Mailing List Archive

Blog post - Profiling the Lucene nightly benchmarks
Hello everyone!

I recently wrote a blog post which looks into profiling data of the Lucene
nightl benchmarks. I emailed Michael McCandless (the maintainer of the
benchmarks) and he suggested that I post about it here, so here we go.

The post is available at https://blunders.io/posts/lucene-bench-2021-01-10.
I have published some more periodic profiling data at
https://blunders.io/lucene-bench - this is not really nightly, but one
might be able to spot changes over time.

If you have any feedback or questions, I'll happily listen and answer.

best regards,
Anton Hägerstrand

PS. If no one beats me too it, I'll open a PR for the TermGroupSelector
thing ;)
Re: Blog post - Profiling the Lucene nightly benchmarks [ In reply to ]
This is very cool, thanks for sharing Anton!

Le ven. 15 janv. 2021 à 23:40, Anton Hägerstrand <anton@blunders.io> a
écrit :

> Hello everyone!
>
> I recently wrote a blog post which looks into profiling data of the Lucene
> nightl benchmarks. I emailed Michael McCandless (the maintainer of the
> benchmarks) and he suggested that I post about it here, so here we go.
>
> The post is available at https://blunders.io/posts/lucene-bench-2021-01-10.
> I have published some more periodic profiling data at
> https://blunders.io/lucene-bench - this is not really nightly, but one
> might be able to spot changes over time.
>
> If you have any feedback or questions, I'll happily listen and answer.
>
> best regards,
> Anton Hägerstrand
>
> PS. If no one beats me too it, I'll open a PR for the TermGroupSelector
> thing ;)
>
Re: Blog post - Profiling the Lucene nightly benchmarks [ In reply to ]
Indeed! Thank you for all the helpful suggestions, especially from my
point of view re: HNSW, which is indeed costly to index. I am
surprised how much time is spent in SparseBitSet; perhaps a full
(non-sparse) bitset is called for, although I had initially shied away
from it since this indexing is already quite RAM-intensive. Also, I
did not know about Math.fma, I wonder if we can speed up dot-product
with it. And your observation about the vector indexing dominating the
indexing benchmark is fair - we may want to consider indexing vectors
more sparsely to trim that.

On Sat, Jan 16, 2021 at 5:18 AM Adrien Grand <jpountz@gmail.com> wrote:
>
> This is very cool, thanks for sharing Anton!
>
> Le ven. 15 janv. 2021 à 23:40, Anton Hägerstrand <anton@blunders.io> a écrit :
>>
>> Hello everyone!
>>
>> I recently wrote a blog post which looks into profiling data of the Lucene nightl benchmarks. I emailed Michael McCandless (the maintainer of the benchmarks) and he suggested that I post about it here, so here we go.
>>
>> The post is available at https://blunders.io/posts/lucene-bench-2021-01-10. I have published some more periodic profiling data at https://blunders.io/lucene-bench - this is not really nightly, but one might be able to spot changes over time.
>>
>> If you have any feedback or questions, I'll happily listen and answer.
>>
>> best regards,
>> Anton Hägerstrand
>>
>> PS. If no one beats me too it, I'll open a PR for the TermGroupSelector thing ;)

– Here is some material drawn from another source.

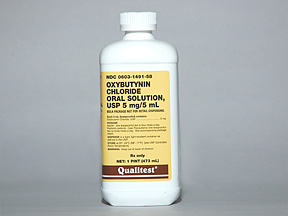 oxybutynin (generic) 5 mg/5 ml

---------------------------------------------------------------------
To unsubscribe, e-mail: dev-unsubscribe@lucene.apache.org
For additional commands, e-mail: dev-help@lucene.apache.org
Re: Blog post - Profiling the Lucene nightly benchmarks [ In reply to ]
Thank you for sharing, Anton! Benchmarking reveals all sorts of fun
things, and those flame charts are great fun.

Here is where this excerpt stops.